### DATASET RECORDS ###

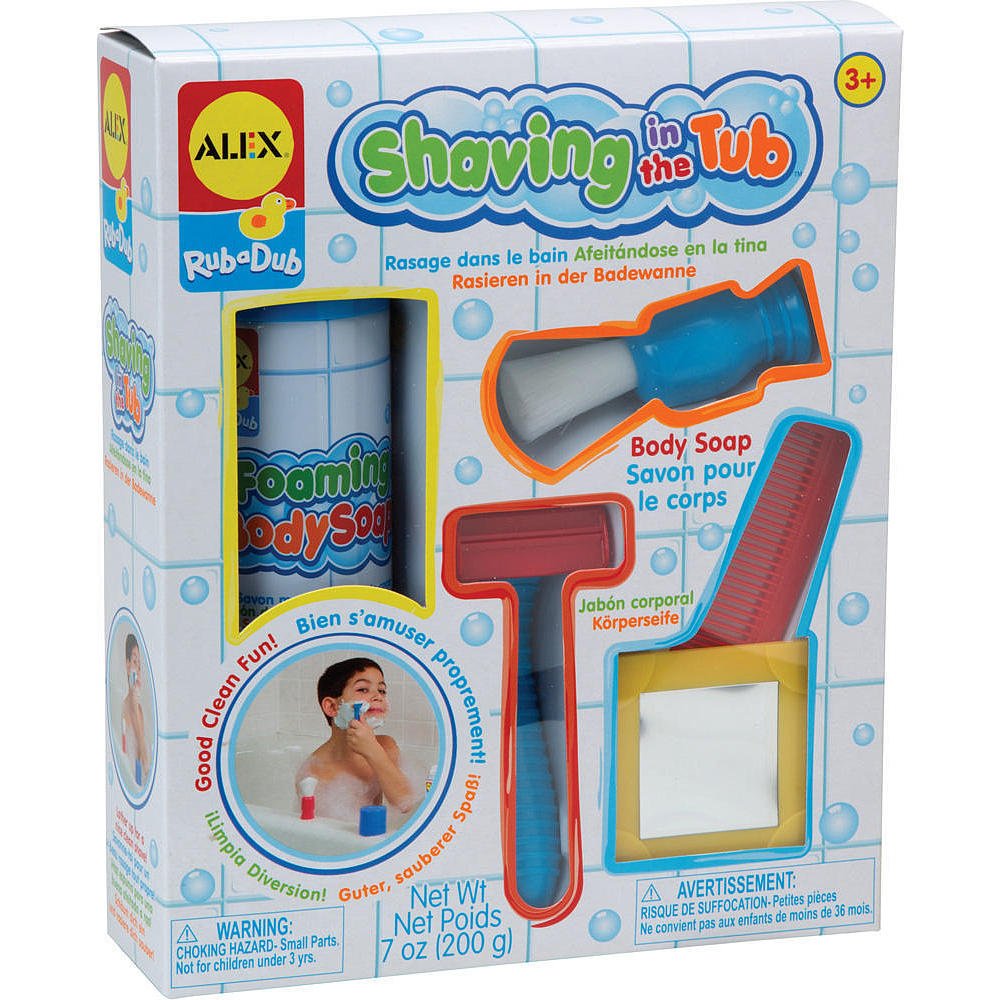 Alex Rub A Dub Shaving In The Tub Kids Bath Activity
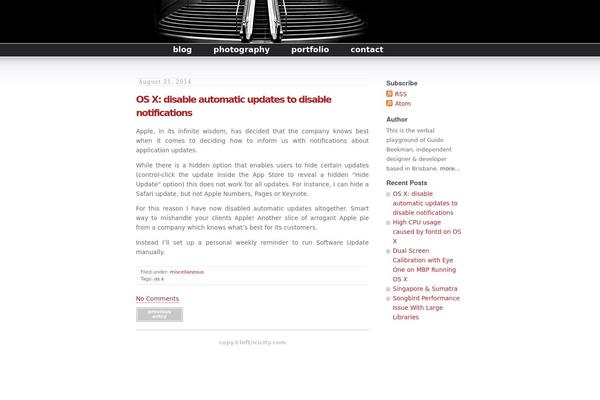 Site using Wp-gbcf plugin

###
### DATASET RECORDS ###

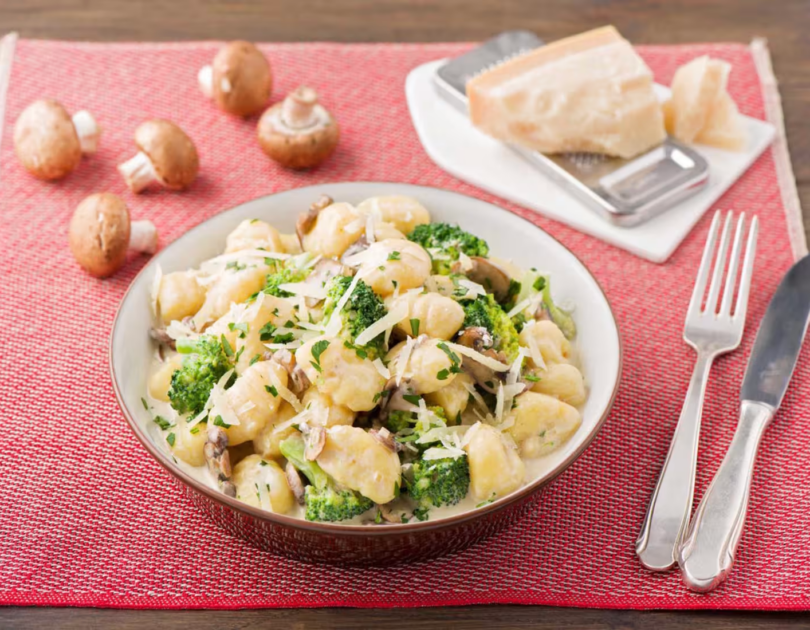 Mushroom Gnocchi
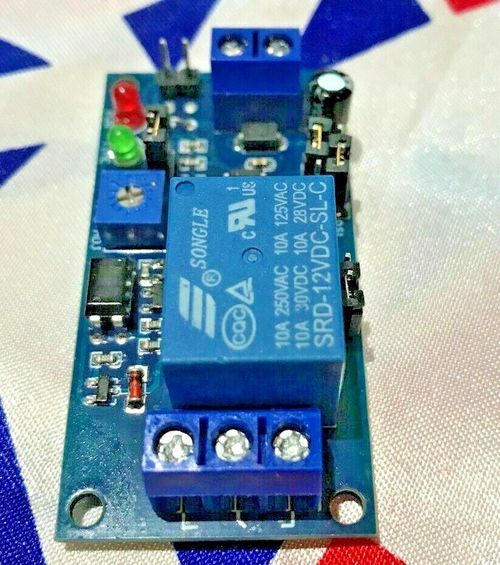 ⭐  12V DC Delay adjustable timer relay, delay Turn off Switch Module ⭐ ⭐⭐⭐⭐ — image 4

###

Reproduce the listing above only between the lines holding "Mushroom Gnocchi" and "Module ⭐ ⭐⭐⭐⭐ — image 4", inclusive. Every line must match exactly, and pictures are dropped.

 Mushroom Gnocchi
 ⭐  12V DC Delay adjustable timer relay, delay Turn off Switch Module ⭐ ⭐⭐⭐⭐ — image 4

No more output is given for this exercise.